| The task |
Repeat precisely the span of lines below that opens with the line containing "Mexican Roots 4" and closes with the line containing "AK Interactive RC932", both included.

| Information provided |

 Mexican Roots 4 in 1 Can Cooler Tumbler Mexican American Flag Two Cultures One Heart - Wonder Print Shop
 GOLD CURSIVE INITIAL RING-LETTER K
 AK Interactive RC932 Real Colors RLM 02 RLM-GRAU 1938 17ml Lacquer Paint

==

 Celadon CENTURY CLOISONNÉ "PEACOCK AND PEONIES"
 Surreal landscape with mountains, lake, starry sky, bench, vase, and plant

| Result of the exercise |
 Mexican Roots 4 in 1 Can Cooler Tumbler Mexican American Flag Two Cultures One Heart - Wonder Print Shop
 GOLD CURSIVE INITIAL RING-LETTER K
 AK Interactive RC932 Real Colors RLM 02 RLM-GRAU 1938 17ml Lacquer Paint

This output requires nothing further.